2017年8月9日水曜日

地方国立大出身の官僚は「極めて異例」と週刊エコノミストは言うが…

地方国立大出身者は、官僚では極めて異例」と言えるだろうか。「地方国立大」をどう捉えるかにもよるが、旧帝大を除いて考えても「極めて異例」とは考えにくい。しかし、週刊エコノミスト8月15・22日合併号の「関西検察立て直したエース 地方大出身の星となるか」という記事では「極めて異例」と言い切っている。そこで同誌編集部に問い合わせを送ってみた。内容は以下の通り。
豪雨で被害を受けたJR日田彦山線(大分県日田市)
         ※写真と本文は無関係です

【エコノミストへの問い合わせ】

週刊エコノミスト編集部 担当者様

御誌を定期購読している鹿毛と申します。8月15・22日合併号の「関西検察立て直したエース 地方大出身の星となるか」という記事についてお尋ねします。

記事では最高検監察指導部長の北川健太郎検事を取り上げ「北川氏は金沢大卒業。地方国立大出身者は、官僚では極めて異例だ」と説明しています。本当にそうでしょうか。「官僚=キャリア官僚」と捉えた場合でも、地方国立大出身者は珍しくないと思えます。まず「地方国立大=首都圏以外の国立大」と定義した場合、京都大学や大阪大学が入ってくるので「極めて異例」でないのは自明です。「地方国立大=三大都市圏以外の国立大」としても、北海道大、東北大、九州大の出身者が数多くいるので「極めて異例」とは言えません。

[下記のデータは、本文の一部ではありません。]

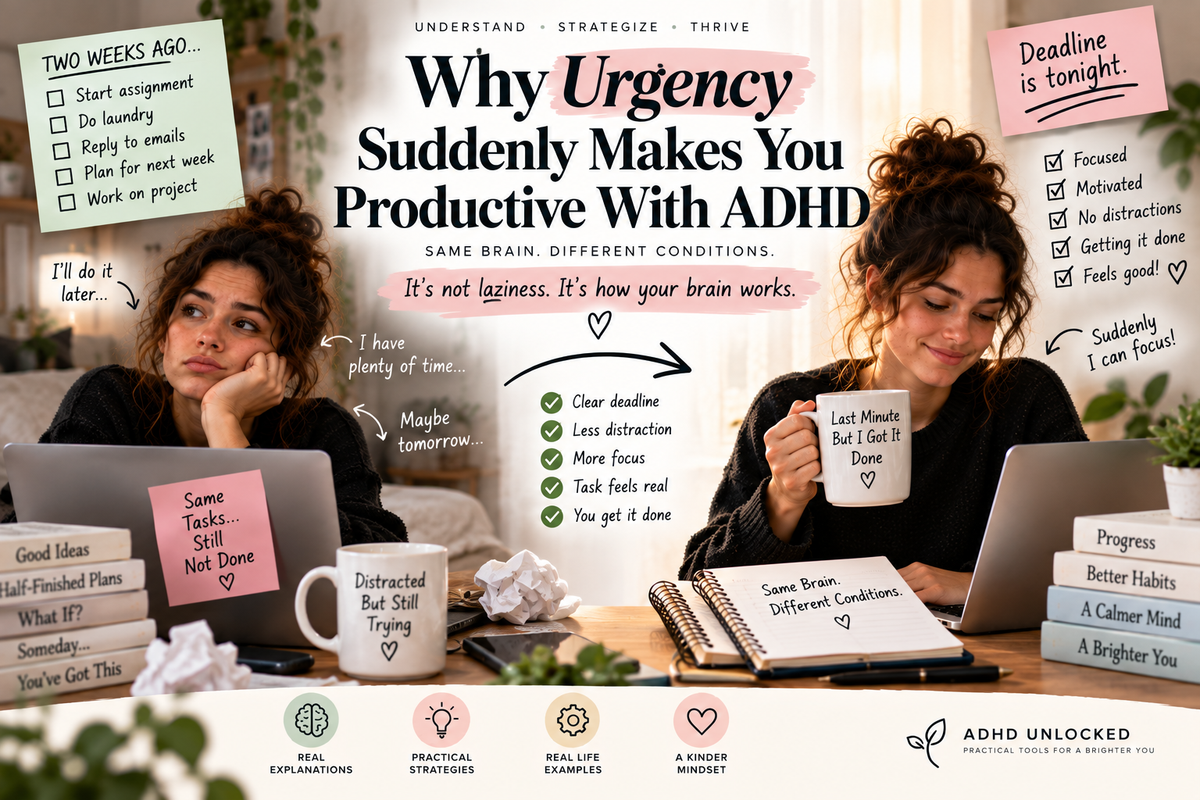 ADHD and Urgency: Why You Suddenly Become Productive Under Pressure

定義としては無理がありますが「地方国立大=三大都市圏以外の国立大で旧帝大を除く」とした場合どうでしょうか。国家公務員総合職の2017年度採用試験の合格者を見ると、岡山大34人、広島大24人と20位以内に2校が入っています。官僚の中では少数派かもしれませんが「極めて異例」と言うほどではありません。「地方国立大出身者は、官僚では極めて異例だ」との説明は誤りと判断してよいのでしょうか。正しいとすれば、その根拠も併せて教えてください。

ついでに言うと57歳で最高検監察指導部長となった北川氏を「検察だけでなく、地方国立大の『星』としても期待が高まる」と紹介しているのにも違和感があります。地方国立大出身者で官僚組織のトップに近いところまで出世したのは北川氏が初めてならば分かります。しかし、高知大出身の村木厚子氏は厚生労働省の事務次官を務めました。地方国立大の出身者でも官僚組織のトップに立てることは既に実証されています。

以上です。お忙しいところ恐縮ですが、回答をお願いします。

8月15・22日合併号の「From Editors」で金山隆一編集長は「取材でなくとも時にお世辞やウソを言い、相手をやり込めようとしたり、私はどこで狂ってしまったのか」と反省の弁を述べておられます。御誌で読者からの間違い指摘を無視する対応が常態化しているのも、メディアとしての重要な部分が「狂ってしまった」結果でしょう。そこを修正した上で、日本を代表する経済メディアとして責任ある対応をしてください。期待しています。

◇   ◇   ◇

週刊エコノミスト編集部からの回答はないだろう。

※記事の評価はD(問題あり)。

追記)結局、回答はなかった。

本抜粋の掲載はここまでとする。